A planet is a big target. A container-sized projectile traveling at 99.99% lightspeed should hit it — but only if you can predict its position 25 years in advance, down to the hour. That’s a hard ask.

That requires precise and near-perfect information to achieve, or insane navigational input on the warhead. Workable, but still impractical.

There is also the issue of false hits. The projectile hits a moon, or large enough asteroid in their target system that the whipple shield is not able to protect it, the thing explodes in interplanetary space without causing the intended damage. That also includes unaccounted rogue planets in interstellar space.

Alright  just send more!

You can fire a thousand RKVs to ensure one or multiple hits on a planetbound target without any defenses. That would work. But your fire cone would still have to be very tight. And if you fail to exterminate them, they will know exactly where in the sky to look for you. That could work for Civilization A — just double-tap them. Better safe than sorry.
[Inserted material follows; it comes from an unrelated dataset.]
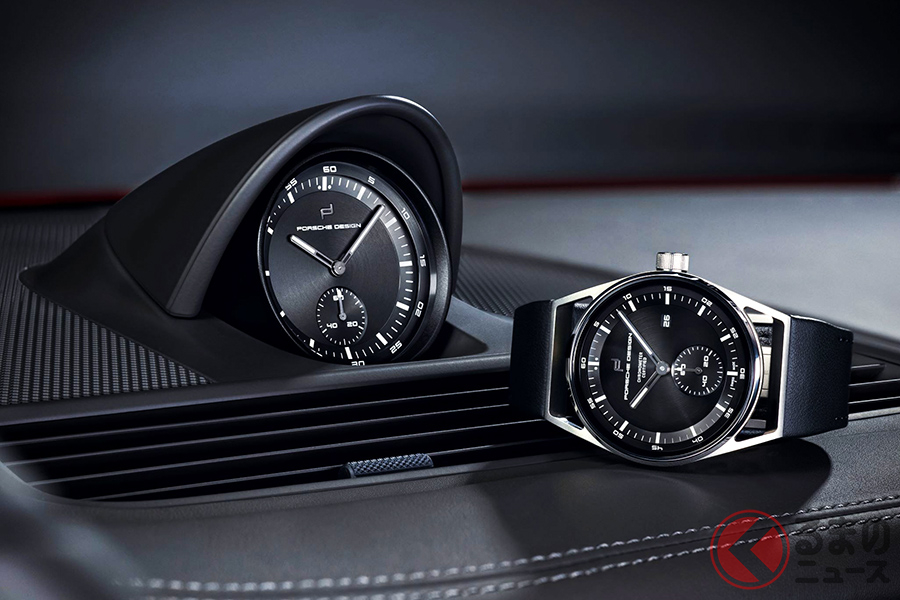 ポルシェ・パナメーラに標準装備されるポルシェ・デザイン製クロックとそれをリストウォッチにしたスポーツ・クロノ・サブセコンド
WHEN PLANETARY XENOCIDE ISN'T ENOUGH

Getting rid of an equivalent Type 0.8 civilization requires a little more work than that. Like us, they may have expanded across their system, making single-target annihilation ineffective, we don't know for sure how many targets we would need to take down in their home system.

You count at least 5 Earth-sized planets in the system, with possibly 50 minor bodies such as moons and asteroids, with about 10,000 major space habitats and stations. That's 5 high value targets with 10k moderate ones. Let's say 10,100 hits is an acceptable mission result. Instead of a couple hundred to a thousand, we now need over 10,000 weapons with 100% accuracy to get the job done.

If for the previous one we needed about 1,000 RKVs to ensure 1-2 hits. For this one, given a similar statistical success rate, we need to deploy roughly on the scale of 5-10 million weapons.

This suddenly sounds like a bad plan now, that's 325 million tons of steel just for the payload, not to speak of the amount of antimatter needed to power it, and the firing flash we will send into space. And firing slowly one by one would give our target enough time to react in the case we don't get them in the first shot. At 50ly distance, that also means they will know they have been attacked 1.8 days in advance, giving them time to counterattack if they have similar weapons, or even, counter our attack before retaliating. Too risky, too flashy.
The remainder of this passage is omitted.